On sort d’une évaluation d’unité de recherche (UR) pour entrer dans une évaluation de diplôme, puis, pour entrer dans une évaluation d’École Doctorale (ED), voire d’établissement. Les règles du jeu changent sans arrêt, les fichiers à remplir deviennent de plus en plus cruels, les évaluateurices appliquent au passé les critères de l’avenir. Une folie pure et dure, à laquelle la Cour des comptes préconisait de mettre un terme ; mais elle le faisait selon ses propres critères, en objectivant des données relatives à l’efficacité de l’action publique, alors que tout laisse à penser que le HCERES fait exactement ce pour quoi il a été imaginé : une reconfiguration radicale de l’ESR, où l’on distingue le bon grain de l’excellence de l’ivraie du populaire.
Peut-être est-ce un effet de l’ambiance générale (et de l’exemple états-unien du DOGE), qui consiste à ne plus vraiment se cacher quand on veut tout détruire : le HCERES procède par vagues signifiantes. La machinerie bureaucratique est tellement lourde qu’il est impossible de procéder simultanément à l’évaluation de toutes les universités. Mon université est dans la vague E, la dernière, celle qu’on aurait presque oubliée, alors que l’habilitation a commencé cinq ans plus tôt. Elle vient après Paris intramuros, qui, bien sûr, a sa propre vague.
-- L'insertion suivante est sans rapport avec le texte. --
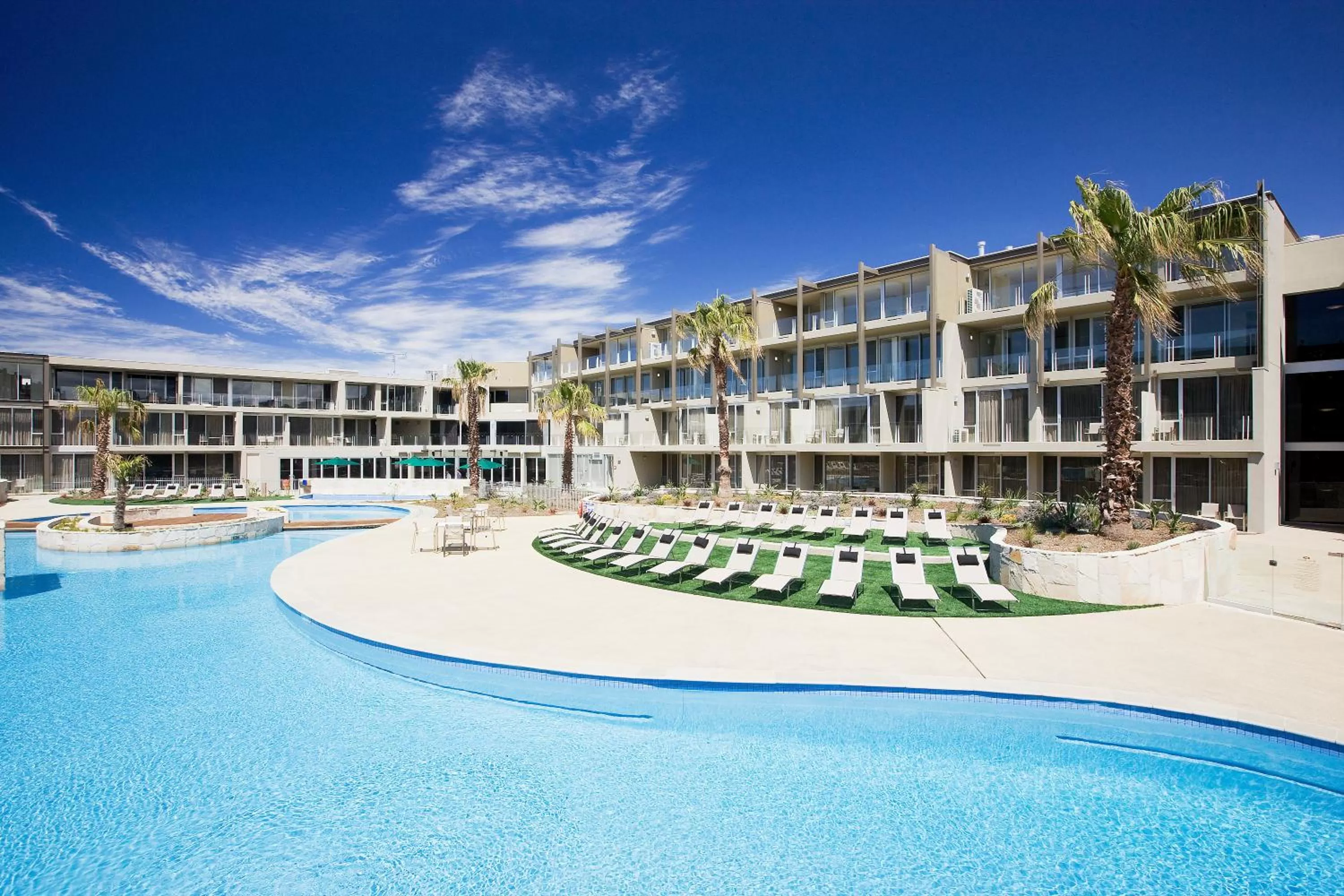 Swimming pool in Wyndham Resort Torquay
« La vague E comprend les établissements des régions Ile-de-France (hors Paris), Hauts-de-France et Outre-Mer (La Réunion, Mayotte) ». La vague E, c’est un peu la vague des indiens dans l’imaginaire des cow-boys : une réserve où on parque les indésirables ; mais une réserve où on pourra piocher la main d’œuvre des professions intermédiaires dans des bassins de population donnés. C’est simple, c’est dans la vague E, de Roubaix à Saint-Benoît (La Réunion), d’Aubervilliers à Creil, que se trouvent la majorité des communes les plus pauvres de France (18 sur 20, selon le classement de l’Observatoire des inégalités). Et on le sait, on le voit, à l’heure actuelle, aucun pays n’est tendre avec ses pauvres.
On conseille néanmoins aux universités publiques du Quartier latin de rester sur leurs gardes, car, pour paraphraser Frantz Fanon, « quand vous entendez dire du mal de Paris 8, dressez l’oreille, on parle de vous ».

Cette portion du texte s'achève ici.